I am writing an automation script in Python to loop through old HTML documentation files and run some RegEx commands, prior to converting the files to rST. I’ve run into a roadblock trying to wrap certain patterns in <pre> and </pre> tags.
I need to find each group occurrence of the below HTML pattern and insert a <pre> tag before and a </pre> tag after.
Pattern:
- p tag with class name of "CodeReference", repeated 1 or more times
<p class="CodeReference">
Sample HTML:
<h3>
Could be any HTML here
</h3>
<p class="CodeReference">
First line</p>
<p class="CodeReference">
Second line</p>
<p class="CodeReference">
Last line</p>
<div>
More random HTML down here as well
</div>
Desired outcome:
<h3>
Could be any HTML here
</h3>
<pre>
<p class="CodeReference">
First line of code</p>
<p class="CodeReference">
Second line of code</p>
<p class="CodeReference">
Last line of code</p>
</pre>
<div>
More random HTML down here as well
</div>
My challenge currently is there’s no prior pattern to reference a positive look-behind with, so I need to capture each group of <p class="CodeReference"> patterns and wrap the entire group in <pre></pre> tags.
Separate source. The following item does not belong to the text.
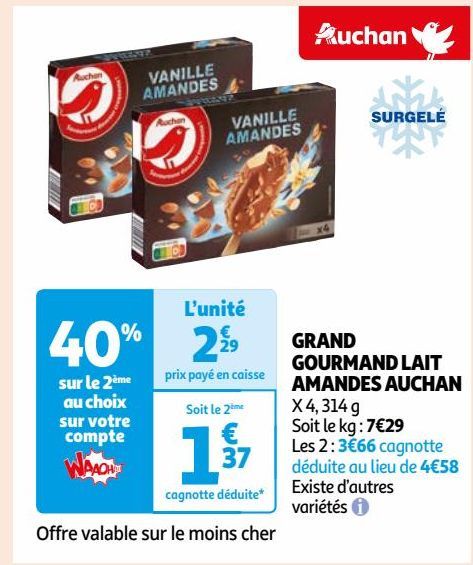 GRAND GOURMAND LAIT AMANDES AUCHAN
Said differently, in each group of <p class="CodeReference"> I need to find the first occurrence and insert a <pre> tag in front of it. Then, in each group of <p class="CodeReference">, find the last occurrence and insert a </pre> tag after it.
Here is what I’ve tried so far (using Python): Regex101 workspace
code_block = re.sub(r'(?<!(<\/p>\n))<p class=\"CodeReference\">', r'<pre>\g<0>', code_block)
^Captures the first occurrence based on it not being preceded by a closing </p> tag. However, this doesn’t capture the last occurrence, and it sort of feels like I’m doing it wrong. I’m open to multiple RegEx statements, doesn’t need to be a one-liner. I just don’t know how to properly capture this group of paragraph tags and reference the first and last occurrences.
Any help would be appreciated, thank you!
>Solution :
For best results here, you might want to investigate using Python’s Beautiful Soup library. If you must use regex, and assuming that you don’t have any nested HTML tags, you may try the following approach:
inp = """<h3>
Could be any HTML here
</h3>
<p class="CodeReference">
First line</p>
<p class="CodeReference">
Second line</p>
<p class="CodeReference">
Last line</p>
<div>
More random HTML down here as well
</div>"""
output = re.sub(r'((?:<p class="CodeReference">.*?</p>\s*)+)', r'\n<pre>\n\n\1</pre>\n\n', inp, flags=re.S)
print(output)
This prints:
<h3>
Could be any HTML here
</h3>
<pre>
<p class="CodeReference">
First line</p>
<p class="CodeReference">
Second line</p>
<p class="CodeReference">
Last line</p>
</pre>
<div>
More random HTML down here as well
</div>